While I understand Takahashi’s concern, it’s important to note that Cold War deterrence theorists did not believe the paradox was deterministic. As I noted in my SSQ article on conventional deterrence:
Glenn Snyder, an early articulator of the paradox, points out that the interplays between context, specific circumstances, and chance are the keys to its real-world application. In his view, a Soviet conventional offensive against NATO or Japan would have had vastly greater ramifications to US interests and prestige, and therefore more risk of unleashing inadvertent escalatory processes, than one against countries in which U.S. interests were peripheral. Robert Jervis agreed, noting that Schelling’s ill-controlled escalatory process meant nuclear equilibrium hardly created any margin of safety for major conventional provocations or wars.[1] Nevertheless, it is the defender’s inability to confidently know whether the stability-instability paradox will work for or against deterrence efforts at a given point in time that drives the need for a conventional hedging force capable of denying the opponent’s potential fait accompli attempts. (Pg. 154)

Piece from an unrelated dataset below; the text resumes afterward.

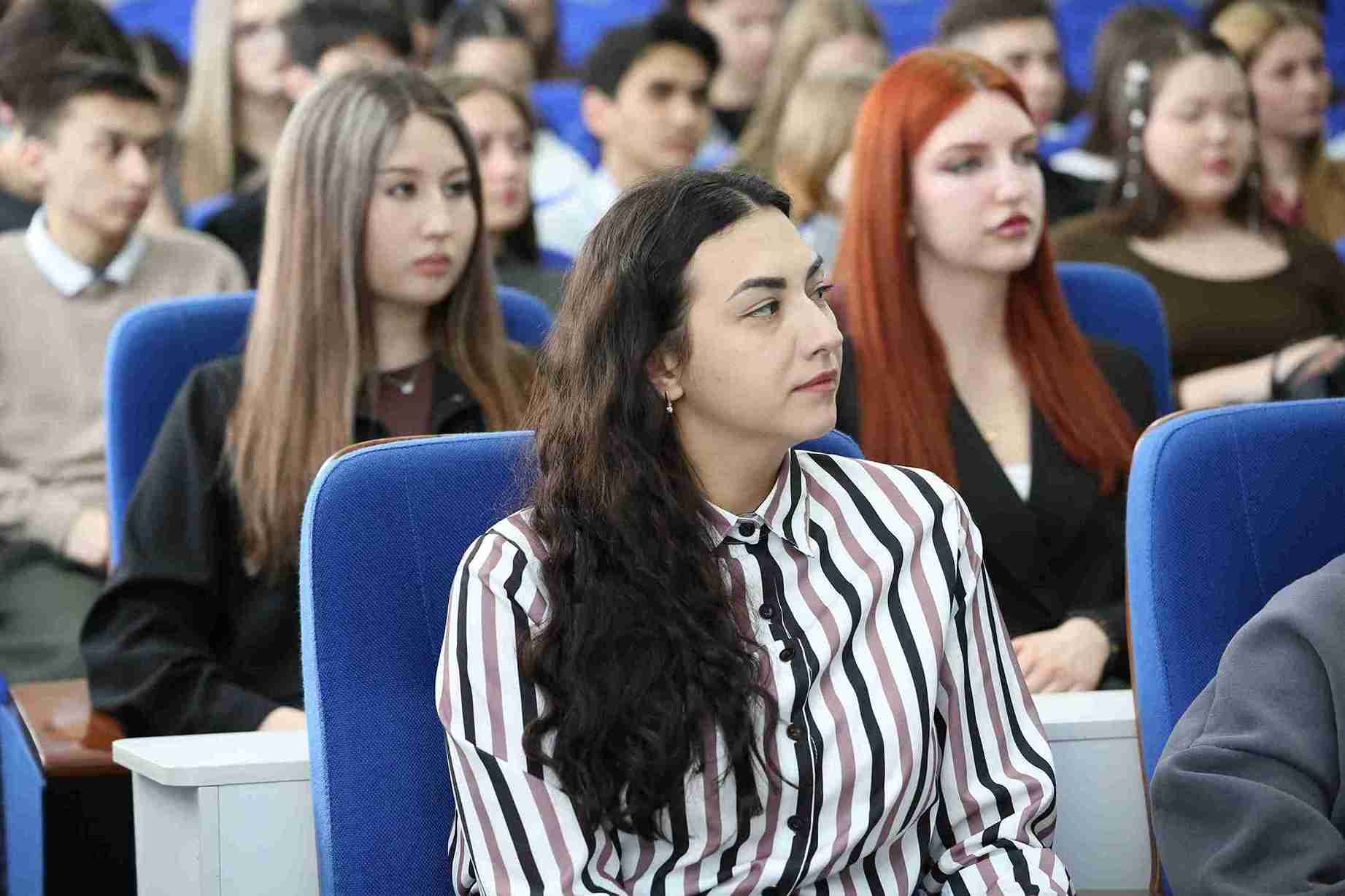 Темная сторона искусственного интеллекта 7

And Takahashi does a spectacular job outlining the qualities of such a hedging force. He states that:
“From the perspective of countering the A2/AD threat, however, putting more forces on the frontline would not be wise because these frontline forces could be neutralized or destroyed by Chinese A2/AD capabilities. A light presence on the frontline and a heavier stand-off strike force outside of A2/AD ranges would be better-suited for this environment.”(Pg. 6)
His observation on the need for two forward “echelons,” a “light” one consisting of lower campaign-value assets to fight on the “frontline,” and a “heavy” one consisting of higher campaign-value assets that fight from locations “over-the-horizon,” mirrors my own thinking on this issue. So does his subsequent observation that forward forces must be designed to be resilient against a Chinese conventional first strike, and thereby lower any Chinese incentives to conduct one in a crisis or limited conflict, let alone pursue a major conflict.
Takahashi raises the question of whether the best approach for structuring the “frontline” forces within a peacetime-contested zone is to employ tactical dispersal of lower-campaign value conventional forces in order to counter primarily military threats, employ primarily coast guard assets in order to counter salami tactic threats, or a mix of the two. I frankly believe a mix is the right way to go, with the non-military forces in the “area of contact” and the military forces latently backing them from a distance determined by the specifics of the situation. Takahashi is absolutely right that U.S. and Japanese leaders will need to work together to sketch out the “right capability portfolio and institutional division of labor,” not only between non-military and military forces but also the Japanese and U.S. contingents. His monograph provides a terrific starting point for that exact discussion.

The views expressed herein are solely those of the author and are presented in his personal capacity. They do not reflect the official positions of Systems Planning and Analysis, and to the author’s knowledge do not reflect the policies or positions of the U.S. Department of Defense, any U.S. armed service, or any other U.S. Government agency.


[1] See 1. Glenn Snyder. Deterrence and Defense. (Princeton: Princeton University Press, 1961), 225-26; 2. Glenn Snyder, “The Balance of Power and the Balance of Terror,” in Balance of Power, ed. Paul Seabury (San Francisco: Chandler Publishing Co., 1965), 199; and 3. Robert Jervis. The Meaning of the Nuclear Revolution. (Ithaca: Cornell University Press, 1989), 21-22, 105.